### Data extract
◆ ◆ ◆ ◆ ◆
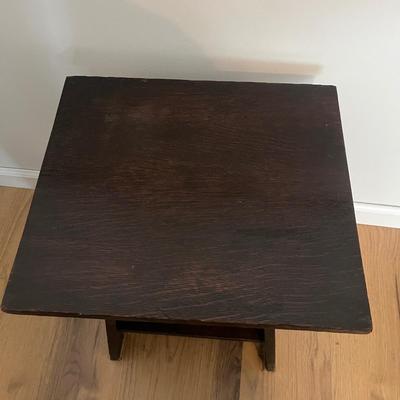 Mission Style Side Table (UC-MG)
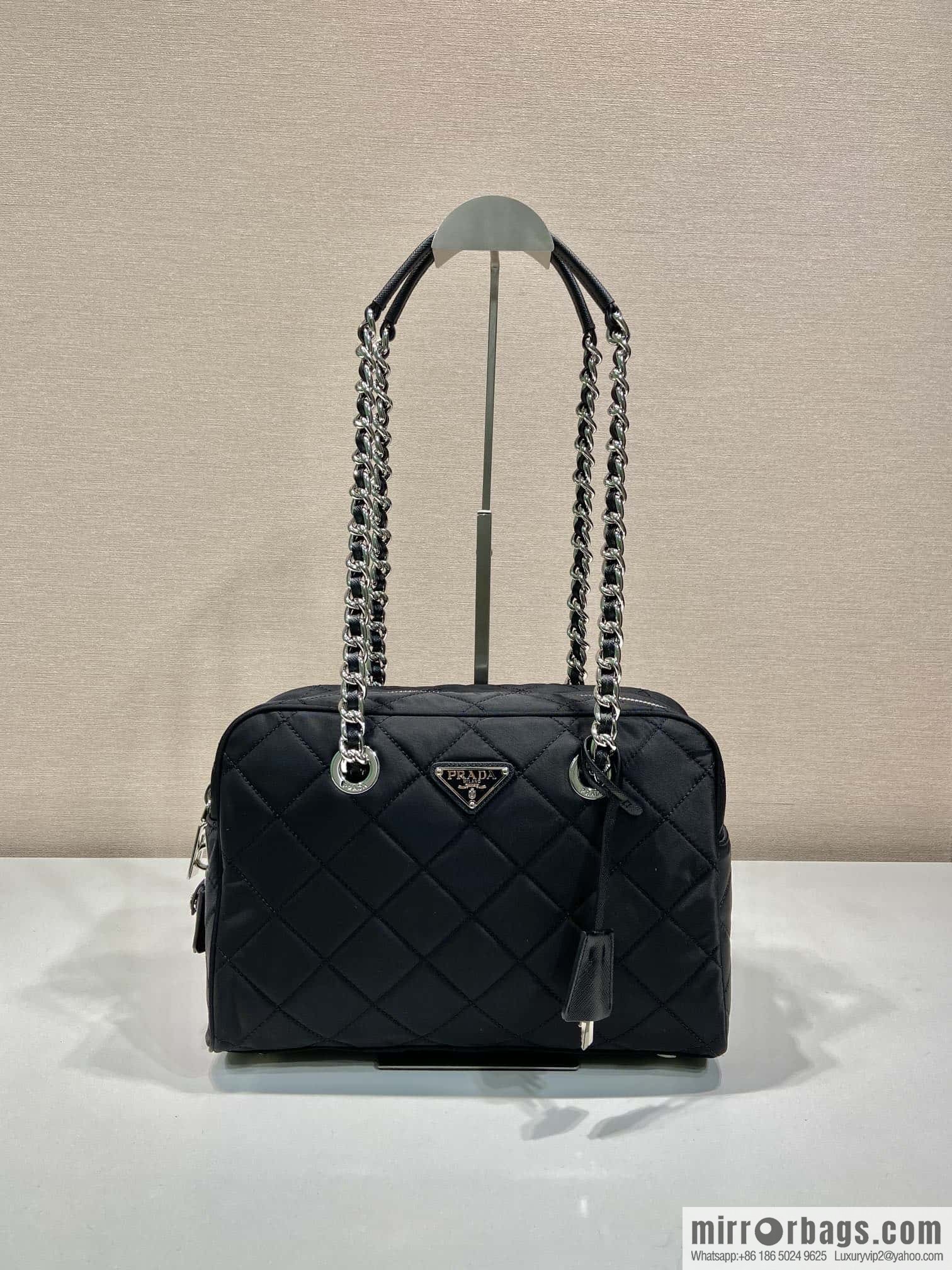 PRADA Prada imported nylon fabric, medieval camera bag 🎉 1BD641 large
◆ ◆ ◆ ◆ ◆
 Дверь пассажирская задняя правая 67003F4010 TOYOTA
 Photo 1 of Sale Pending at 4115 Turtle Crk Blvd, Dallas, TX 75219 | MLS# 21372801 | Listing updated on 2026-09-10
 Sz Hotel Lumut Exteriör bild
◆ ◆ ◆ ◆ ◆
### Directions for this task
With pictures excluded, reproduce exactly the lines above from the one containing "Mission Style Side Table (UC-MG)" down to the one containing "PRADA Prada imported", those two included.

### Answer section
 Mission Style Side Table (UC-MG)
 PRADA Prada imported nylon fabric, medieval camera bag 🎉 1BD641 large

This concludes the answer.